Reviews of the album were savage, but Strummer knew the product was subpar before a single contentious word was printed. Strummer refused to promote the record and even suggested he might sue the label to stop it from being released. Not long after Cut the Crap was release, Strummer made it official: The band was no more. Though Strummer and Jones occasionally worked together again, the Clash name remained permanently dormant. Perhaps hoping to make up for his significant part in the band’s ugly demise, Strummer sometimes floated the possibility of a reunion, but Jones always shot it down. “Mick had more occasion to be proud because of what happened and the way it had ended,” Strummer conceded to Uncut. “I had to eat humble pie. I deserved to.”

joe there

625. Joe Walsh, There Goes the Neighborhood (1981)

Joe Walsh only played on two studio albums during the original incarnations of the Eagles, but he logged plenty of time in the studio with the band. Recruited to replace guitarist Bernie Leadon, Walsh showed up just in time for the sessions that led to the 1976 album Hotel California. The band worked on the album for about a year and a half, but it also reaped enormous rewards. Hotel California was certified platinum within a week of its release and has gone on to sell over twenty-six million copies in the U.S. The Eagles’ next album, The Long Run, again took around eighteen months to finish, and again moved millions of units. The Long Run also broke the band, leading to a dissolution that sent the individual members scattering to solo careers.

Among the musicians who could freshly be considered former Eagles, Walsh was one of the more seasoned solo acts. He’d already put out three albums under his own name, including two during his tenure with the band. And the most recent of those, 1978’s But Seriously, Folks…, produced a Top 20 hit with the novelty-skirting single “Life’s Been Good.” Walsh was ready to make his own music. He even had a batch of songs all ready to go. “Life of Illusion” was originally written for So What, Walsh’s 1974 solo debut, and “Rivers (Of the Hidden Funk)” was submitted for, and rejected from, The Long Run.
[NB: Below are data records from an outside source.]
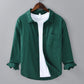 Side view of the mens linen blend long sleeve shirt on a hanger
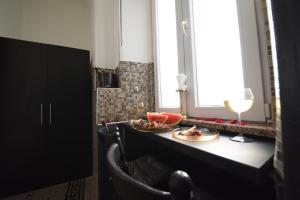 a table with two plates of food and a glass of wine at Flow - City Centre Zadar in Zadar +4 photos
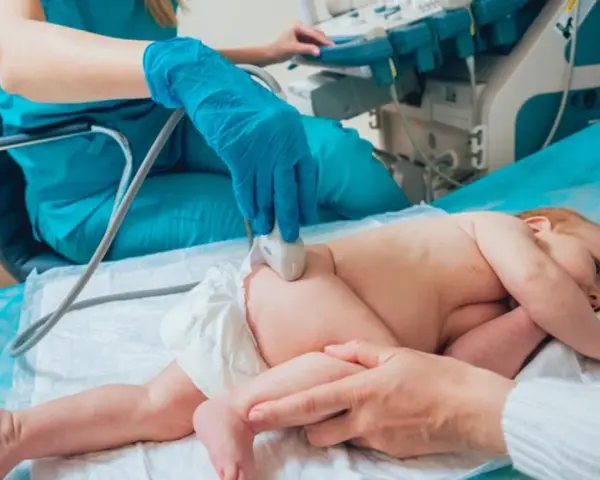 Lekarz wykonuje USG bioderka u niemowlaka. Badanie jest ważne dla prawidłowego rozwoju malucha.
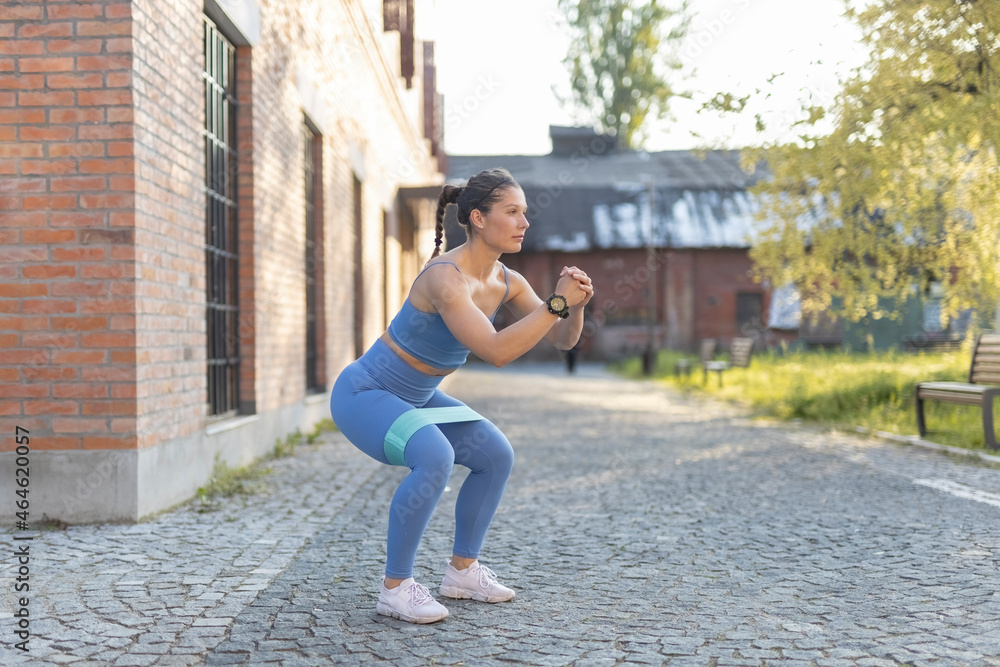 Young fitness female model in blue training sportswear doing leg squat exercises with elastic band in street city valley. Young fitness female model in blue training sportswear doing leg squat exercises with elastic band in street city valley.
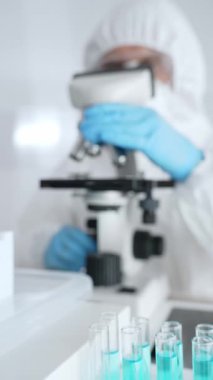 Laboratuvarda koruyucu dişli mikroskop lensleri takan bir bilimsel araştırmacının karşısında mavi sıvıyla test tüplerini kapatın. Tıp, sağlık ve bilim konsepti.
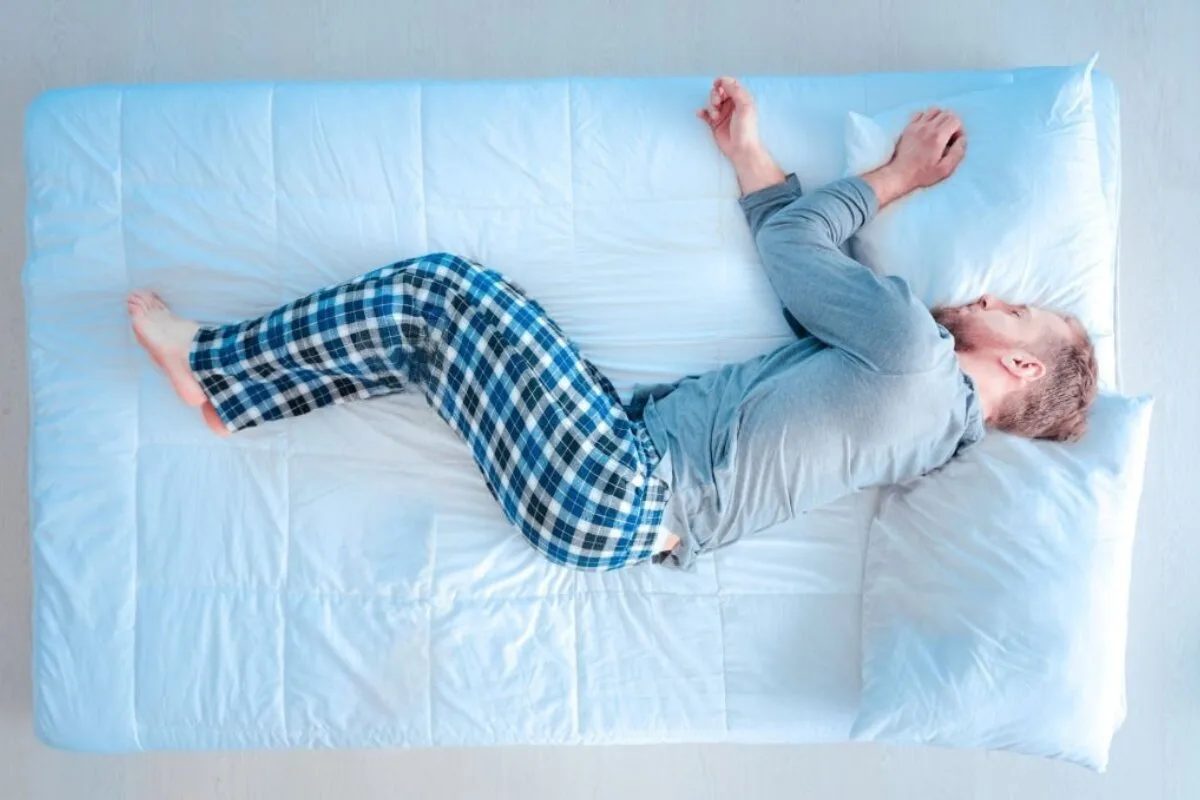 What Firmness Mattress for Side Sleepers? A man sleeping on a blue bed.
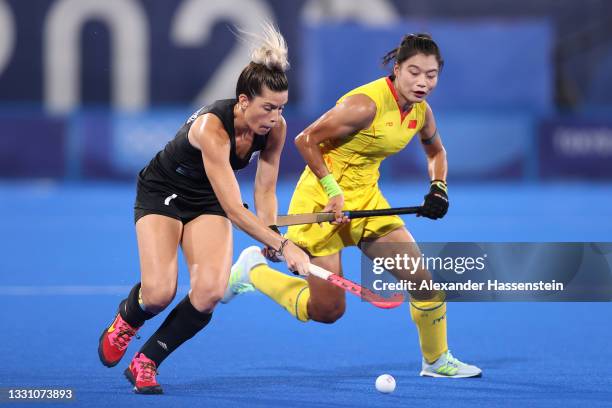 Agustina Albertarrio of Team Argentina and Bingfeng Gu of Team China battle for the ball during the Women's Preliminary Pool B match between...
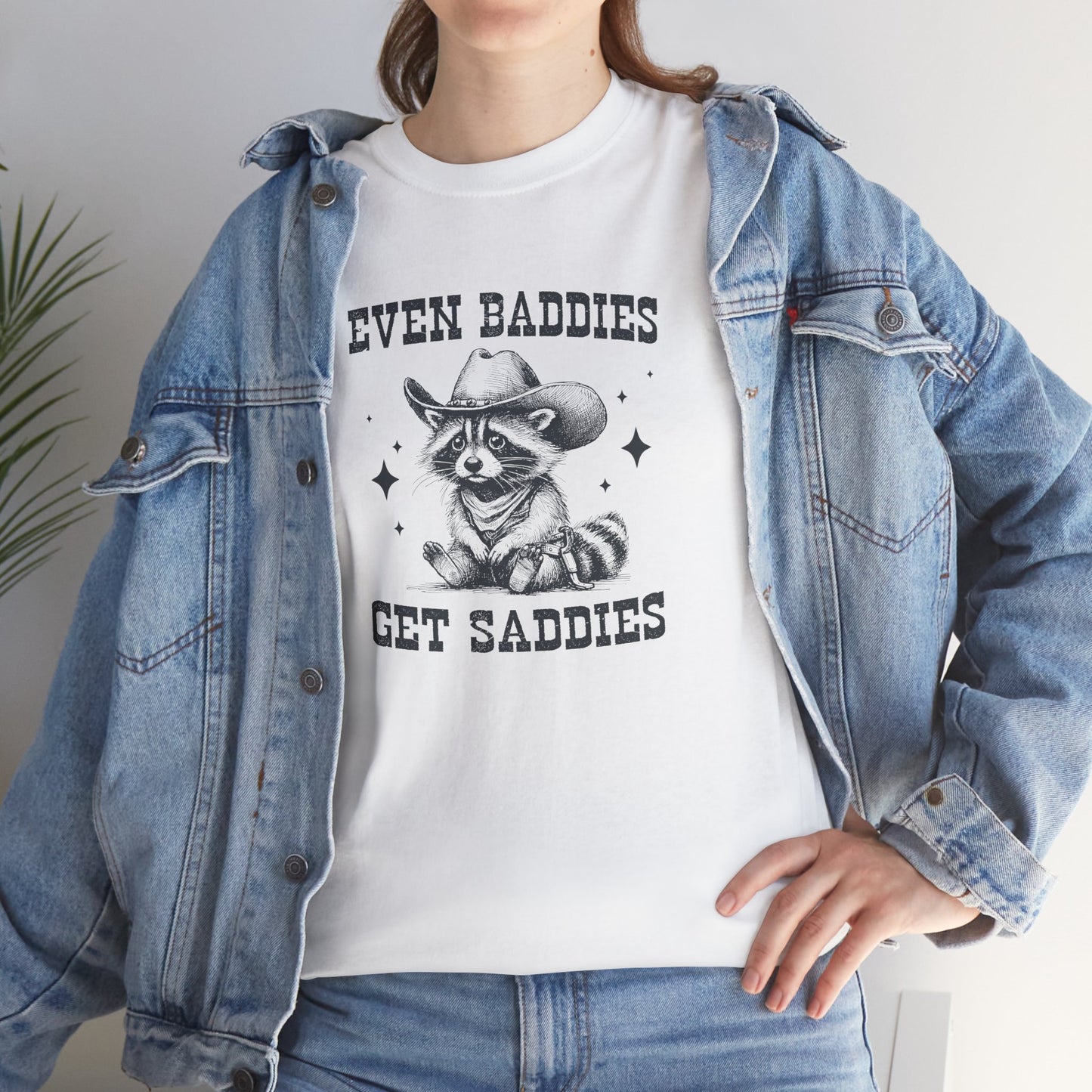 Close-up of a model wearing a white T-shirt with "Even Baddies Get Saddies" and a crying eye graphic. Part of the Vivid Divergence Sensory Friendly Unisex Tees Range.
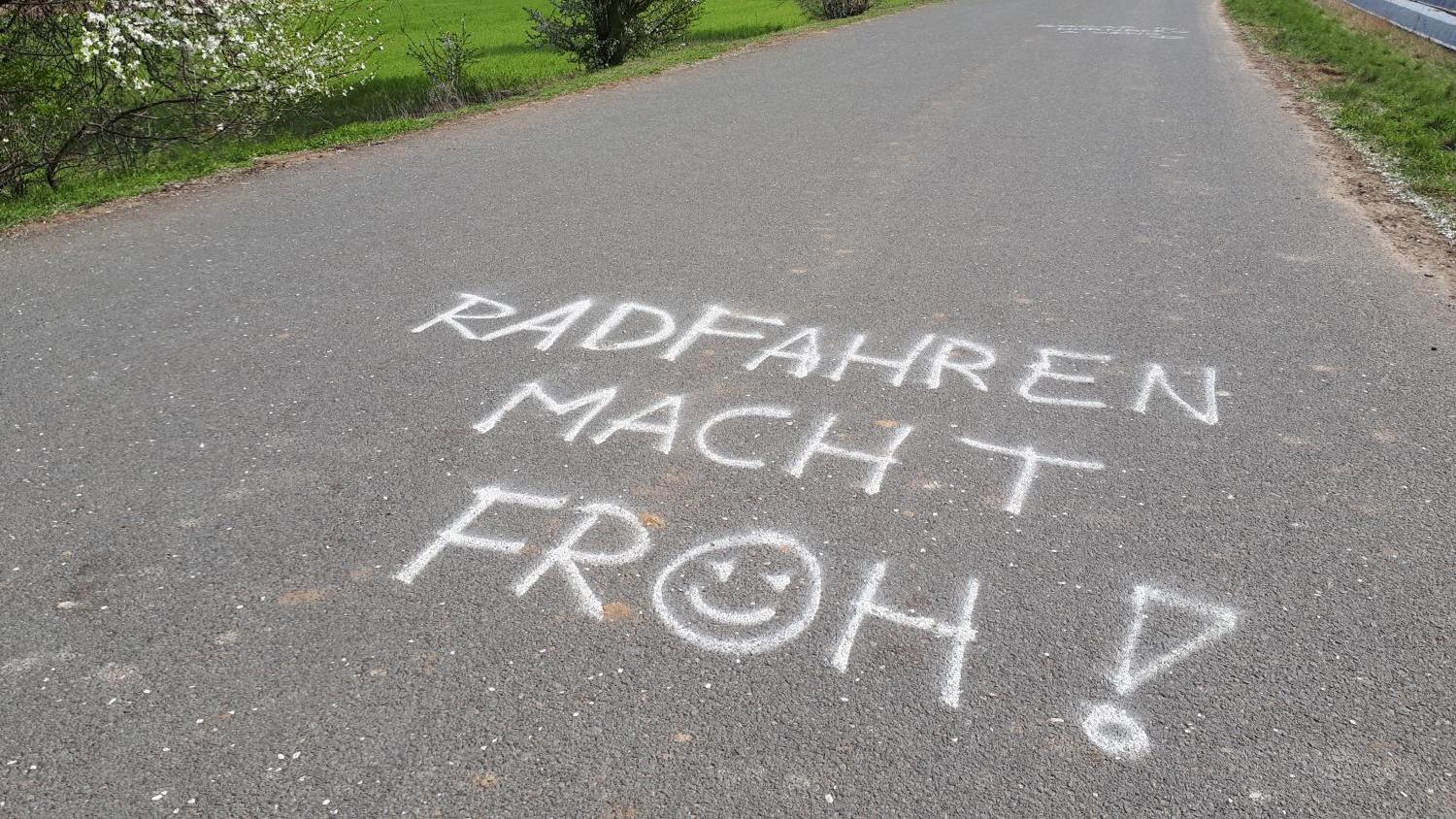 Text „Radfahren macht froh!“ auf asphaltiertem Radweg, blühende Bäume am Rand.
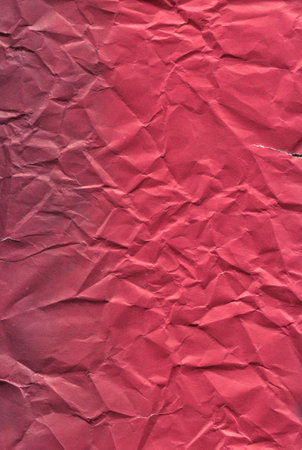 texture crumpled dark pink paper backgroundの写真素材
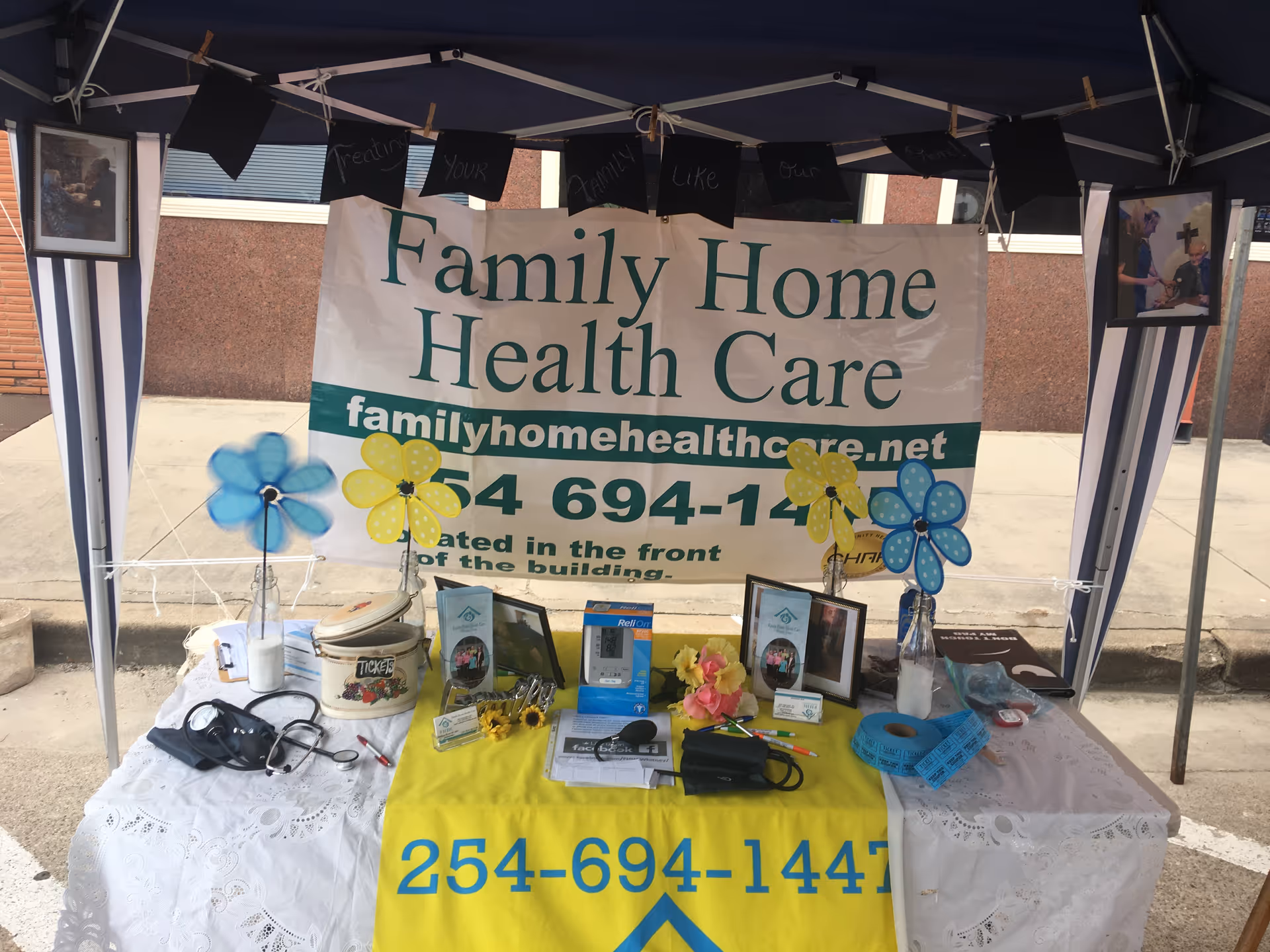 Outdoor booth banner reads 'Family Home Health Care' with tables, decor, photos, and medical items.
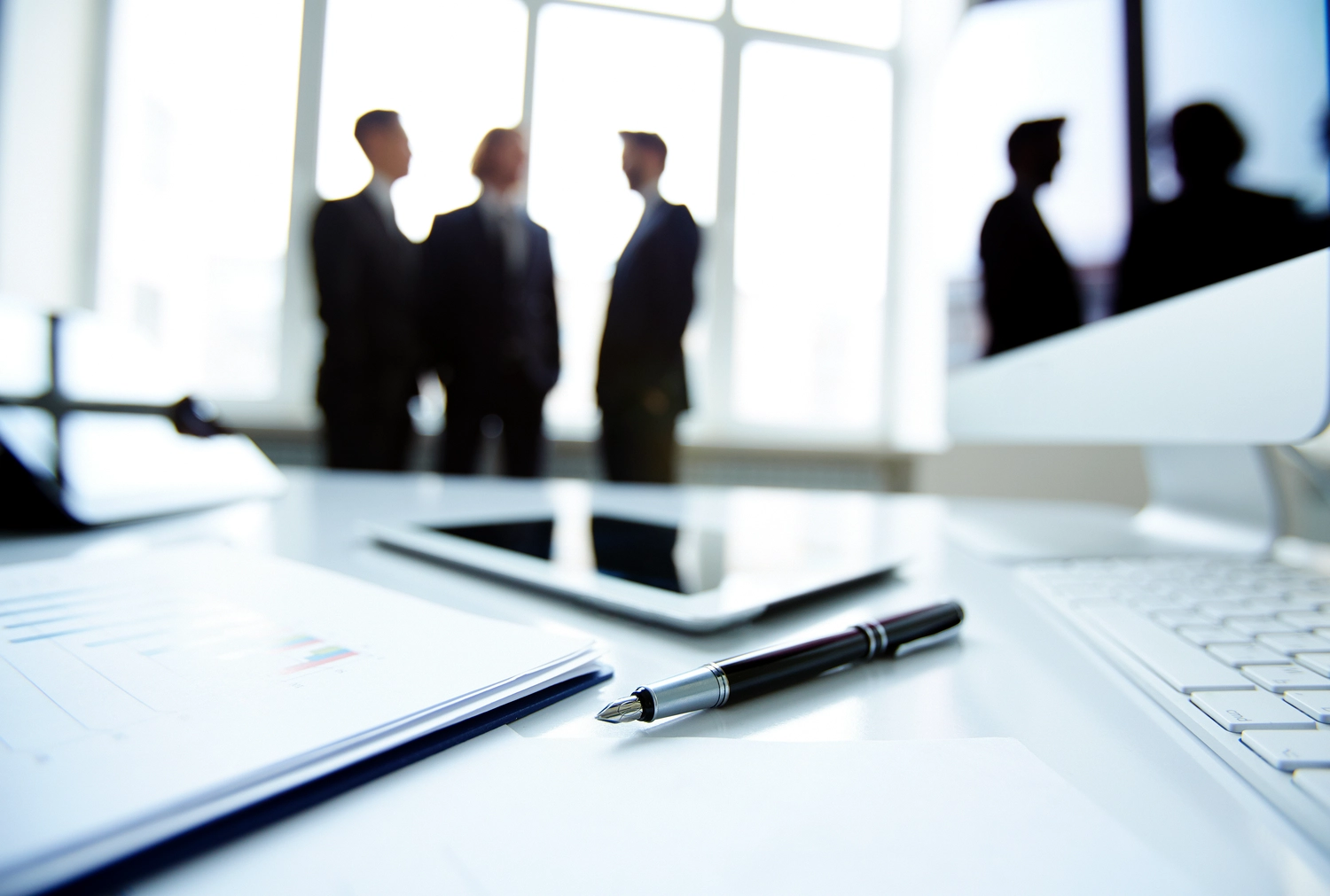 Mes West GmbH - Fachkräfte-, Investitions- und Unternehmenslösungen - Silhouetten von Geschäftsleuten in einem hellen, modernen Büro, gesehen durch ein Fenster. Im Vordergrund sind ein Schreibtisch und ein Tablet verschwommen zu erkennen.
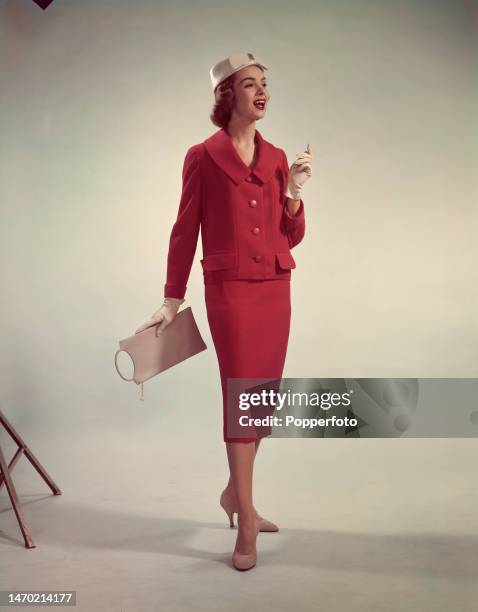Posed studio portrait of a woman wearing a two piece red spring suit comprising a short boxy jacket with tab pockets and a slim pencil skirt, it is...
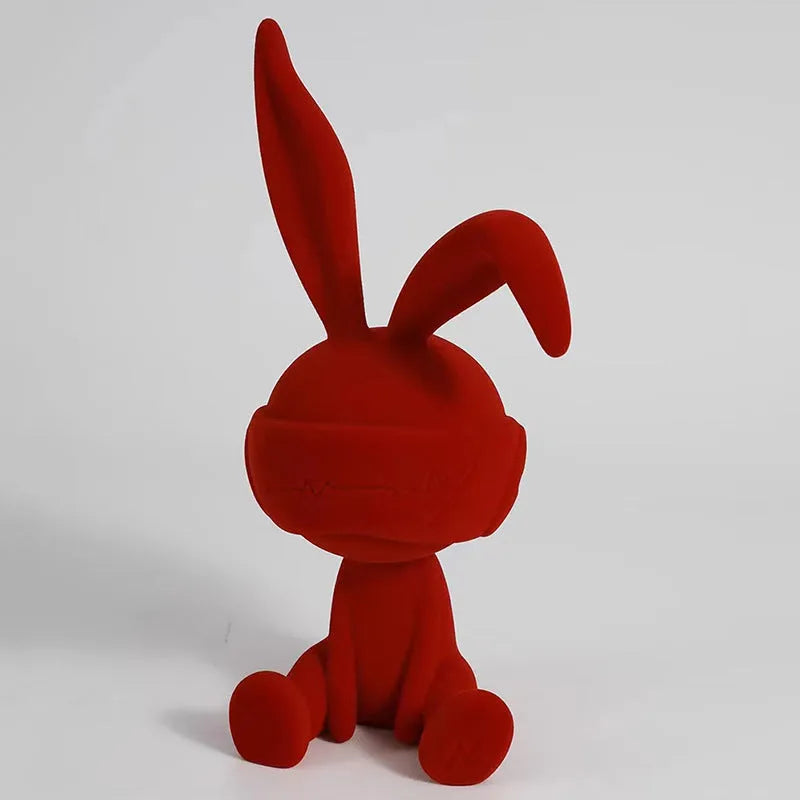 A resin table ornament of a rabbit wearing a suede blindfold, shown in blue, green, and red colour options.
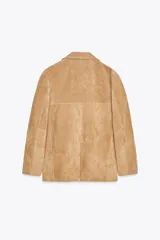 Blazer color camel confeccionada en piel de ante 100%. Diseño clásico con cuello solapa, escote pico, manga larga, bolsillos con solapa en delantero, forro interior combinado, bajo con abertura en espalda y cierre frontal con botones.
The album Walsh put together, There Goes the Neighborhood, plays like Jackson Browne with a touch of vaudeville. “Things” catalogs the meanderings of Walsh’s mind, “Bones” takes a familiar bluesy crawl and makes it loopy, and “Down on the Farm” is a goofball hoedown (“There was cows and horses and sheeps and pigs/ They was tired of the daily routine/ They was plannin’ on havin’ themselves a bash/ Gonna throw a great big wing-ding”). The material on the album is more agreeable than inspired, but that’s not necessarily a bad thing. And following time in the stultifying musical environs of the Eagles, it even sounds a bit liberating.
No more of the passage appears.